# Demystifying Machine Learning, Part II – Learning

*Machines learn and make predictions the same way that humans do; by combining historical data, prior knowledge & statistics to infer the most likely outcome.*

*In Part II of Demystifying Machine Learning, we explore what these terms mean, and build a simple machine learning model that predicts the temperature of a turbine bearing, given the wind speed.*

### The benefits of using Machine Learning in predictive maintenance

First, it is worth reiterating the importance of machine learning in wind energy. Machine Learning is a tool which helps ONYX InSight expert engineers sort through huge quantities of wind turbine data, whether that is SCADA, vibration or oil condition data, and draw out trends – which they can then assess to help solve specific problems to deliver effective predictive maintenance.

ONYX InSight’s predictive maintenance is built on combining engineering expertise with Machine Learning and Artificial Intelligence enhanced data analytics, leading to better fault detection and creating a more accurate picture of wind turbine health. This engineering-driven predictive maintenance helps owner-operators understand their assets more clearly and make significant savings from their O&M budgets.

### How do humans learn?

– What do you think the temperature is outside right now?

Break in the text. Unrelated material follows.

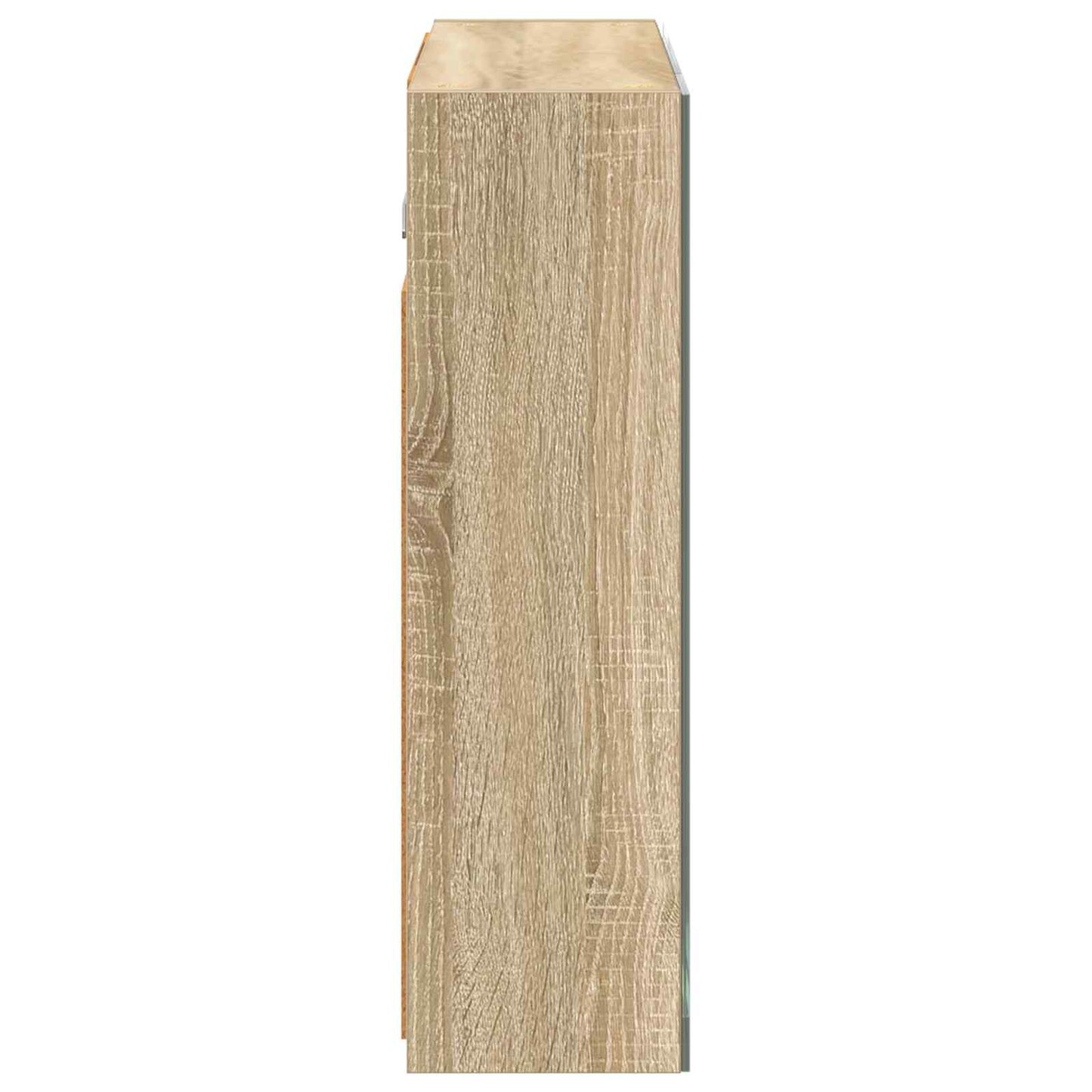 vidaXL Bathroom Mirror Cabinet Sonoma Oak 60 x 14.5 x 50 cm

– Honestly, take a moment and make a guess.

– Got a number in your head?

– Good.

We’re not actually interested in whether you were right or not, rather, we’re interested in __how you came to that conclusion.__ Take another moment to think*: “How did my brain come to the conclusion that specific number was the best estimate?”.*

This is not an easy thing to think about, and there is rarely a conclusive reason, but do pause to reflect on how your brain processed the information.

Here’s my thought process:

*As I write this, it is mid-winter, which I know means it is cold.**I live in the UK, and our winters are chilly, but rarely much below -5 degrees Celsius.**On my walk to work today, it felt around 2 – 5 degrees outside.**It is now mid-morning, so it will be slightly warmer than my walk to work this morning.*

Given all this information, __I therefore guess-estimated it was about five degrees outside right now__ (It was six degrees in fact, so I was close in my guess!).

—

Let’s pick apart what my brain just did there.

It first gathered both relevant **data** and **prior knowledge** together. In this case my **data** were: *“My walk to work this morning was about 2-5 degrees”,* whilst my **prior knowledge** was: *“In winter it is cold”, “The temperatures are higher towards midday”, *and* “I live in the UK”[1].*

It then used **statistics** to aggregate this information:

- The
**minimum**temperature is -5 degrees - The
**mean**temperature this morning was 3.5 degrees - The
**standard deviation**was about 1.5 degrees - There is a roughly
**linear relationship**between morning temperatures and time, about +0.5 degrees per hour

Therefore, my brain used **statistics**, **historical data** & **prior knowledge** to draw its conclusion.

Wait a second; “historical data, prior knowledge, and statistics?”. Sounds an awful lot like machine learning! Well that’s because that’s precisely what machine learning is.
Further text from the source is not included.